By Amy Dupcak


Lucid River Press
August 2016

Reviewed by Christopher X. Shade


James Hurst's 1960 short story, "The Scarlet Ibis," is commonly required reading for high school kids (and was adapted into an opera last year in New York City). It's a remarkable story that opens with a garden: "The flower garden was strained with rotting magnolia petals and ironweeds grew rank amid the purple phlox." Right away we are drawn into a world we are not familiar with, and what a wondrous world it is. The Southern farm manner of the narrator's language, the imagery he evokes, the flower garden—all of it charms us as we continue to read about a very weak, sickly child, nearly dead at birth, who gets dubbed "Doodle," and about his small family's encounter with a dead bird, which is the scarlet ibis. By the end, we are teary-eyed over a tragic turn and a moving parallel between Doodle and the ibis.

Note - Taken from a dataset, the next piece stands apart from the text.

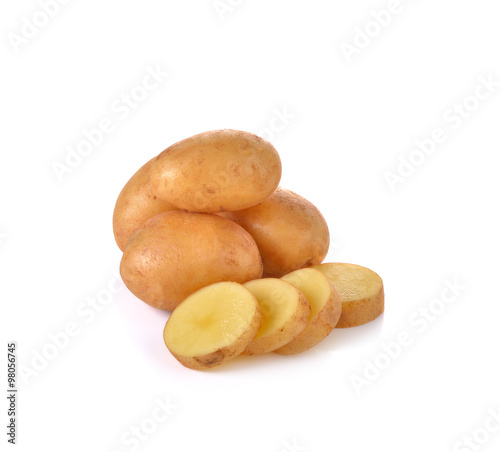 Fresh potatoes on white background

Hurst's story came to mind immediately upon reading the opening story of Amy Dupcak's debut story collection, Dust. Hurst's readers today are of an age Dupcak is implicitly concerned with. Her collection of fourteen stories opens with a garden, too, and her opening story, "The Garden," has some of the Hurst story's wonder, much to Dupcak's credit. Two runaways spend the night in an abandoned barn. Their world is unfamiliar to us, the narrative persona of the young woman is mannered, and the story's full of intriguing symbols. The spirit of a runaway is something that feels in parallel with Hurst as well, in the sense that a runaway is running toward what is different, what is fresh—more precisely, what is next. It is about pitching oneself headlong with urgency at the next experience. For the young man in Hurst's story, it's the feeling he gets at the Old Woman Swamp. For the young woman in Dupcak's story, it's in an abandoned barn. (And instead of pitching oneself headlong, her narrator describes it as being pushed "heart-first into a future that did not allow a lifeboat.") But ultimately, a different story is taking place in Dupcak's "The Garden." The young woman's past preoccupies her, propels her: "He was the one who had freed me from the dirt and dust of my past." 

Which brings us, right away, to talking about dust. Another reason Hurst's story came to mind as I was reading was Hurst's imagery of dust: ". . . and now if an oriole sings in the elm, its song seems to die up in the leaves, a silvery dust." In both Dupcak and Hurst, dust is connected to memory, the ache that comes with remembering an unfortunate past, and it is a yearning to change direction, because to change what has transpired is not possible.

Dupcak teaches writing to kids and teens, in workshop format, and this access she has to the pangs, turbulence, and drama of adolescence has undeniably fed her talent for creating stories. These stories of youth are richly textured. The protagonists vary in gender, age and circumstance, and are believable, sometimes agonizingly so, because many of these adolescent themes are universal; we remember tender spots of our younger selves.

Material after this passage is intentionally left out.